Don't worry, they will get more difficult

smee · 22/09/2009 20:08

My son thinks he's a genius because he can do 'cat, mat, bat, etc' and who am I to disagree. Sounds like it's confidence building to me too. Would be horrible to send them home first time with a list they struggled with.

DiamondHead · 22/09/2009 20:10

I don't see that any spelling tests are of benefit. You learn to spell by reading and using words, not by learning lists.
I'd just be grateful that they're not going to be wasting too much of your time.

MollieO · 23/09/2009 15:36

Ds's spelling list was a mix of different three letter words - none had the same sound. All seemed very easy. He was supposed to write them out three times for homework but the teacher said that they only had to sound out the words for the test and not write. I was a bit surprised to discover that the did in fact have to write them down. Ds had refused to do any writing and I hadn't pushed it .

madusa · 23/09/2009 19:07

my y1 (dyspraxic) son has 5 "spellings"

a
and
the
to
said

while he can tell me the letters in each word, he can't write them down

I think that the spellings start easy and get more difficult as a way of seeing each childs ability.

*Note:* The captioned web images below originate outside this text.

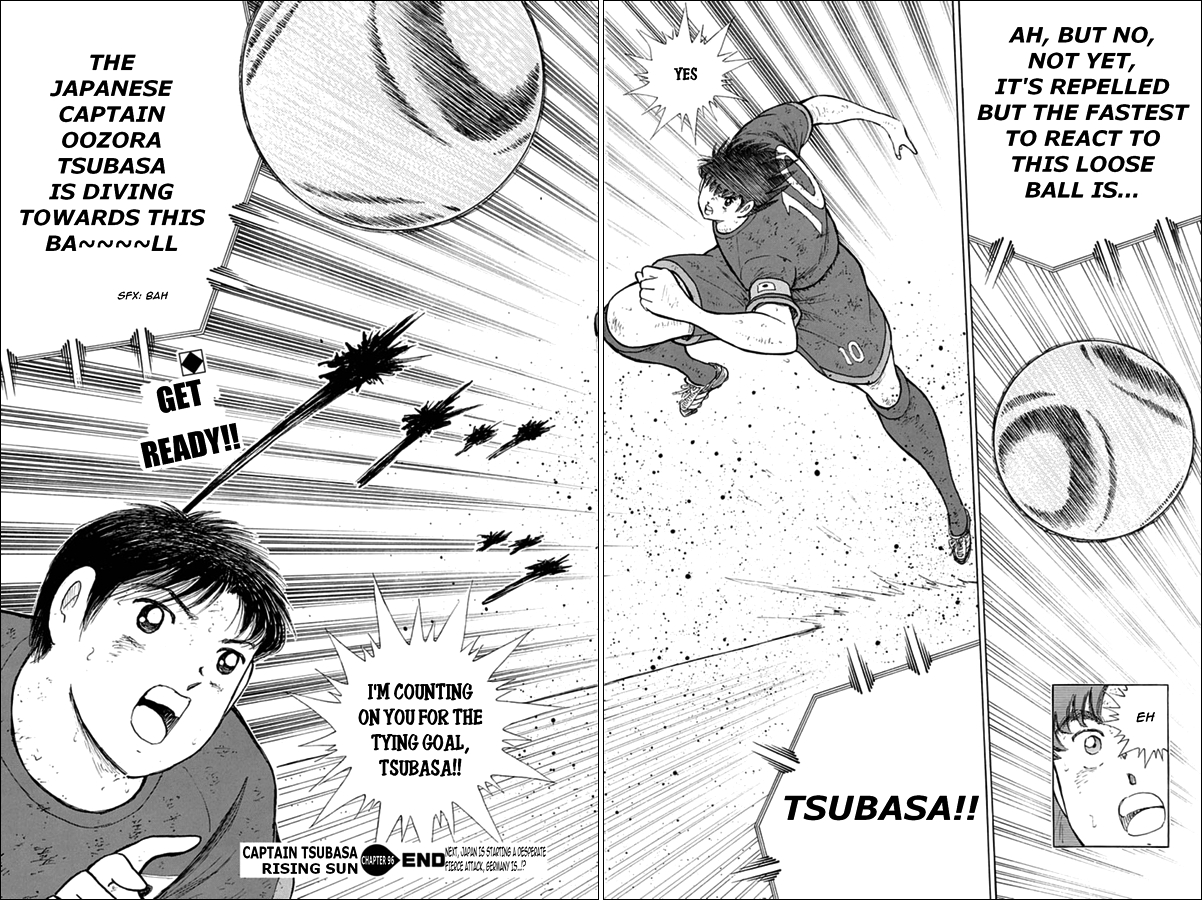 Captain Tsubasa Rising Sun Ch. 96 Everyone's Resolution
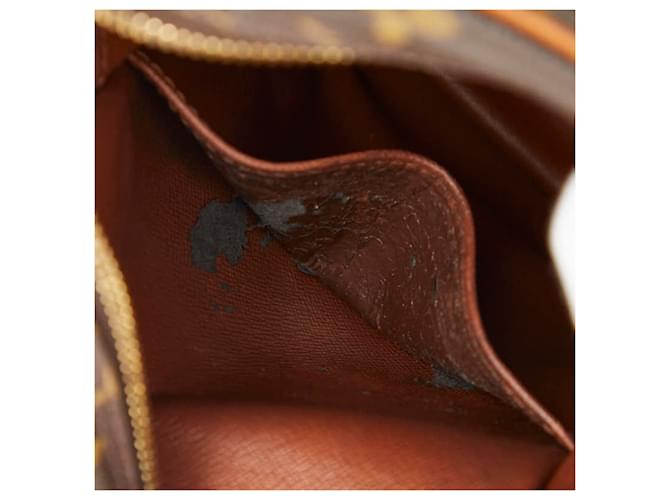 Borsa a tracolla Louis Vuitton Monogram Amazon Marrone - vista 8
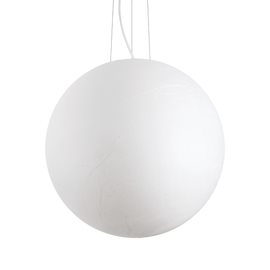 CARTA SP1 D60 závěsné svítidlo 1x E27 60W bez zdroje 60cm IP20, bílé
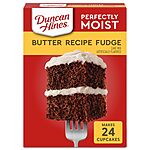 15.25oz. Duncan Hines Perfectly Moist Butter Recipe Fudge Cake Mix $1.30 &amp; More w/ Subscribe &amp; Save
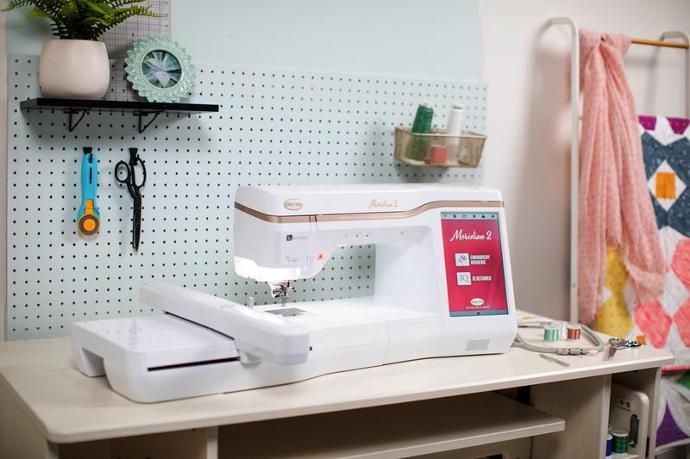 Baby Lock Meridian 2 Embroidery Machine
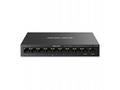 MERCUSYS switch MS110CMP (10x100Mb, s, 8xPoE+,115W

The ones that are struggling will hopefully then be given easier words to learn than those who find them easy

juliemacc · 07/11/2009 18:48

My DD is in Yr 1 and is one of a small group of children (2 class year) who have literacy/spellings with yr 2. I would say that they are quite tricky eg. dolphin, whisper, thirteen, author, but she copes with them fine and enjoys doing more challenging work. The rest of the class have simpler words. I think this is quite a new initiative as my eldests' year certainly didnt do this when he was in yr1 and i applaud the school for stretching her.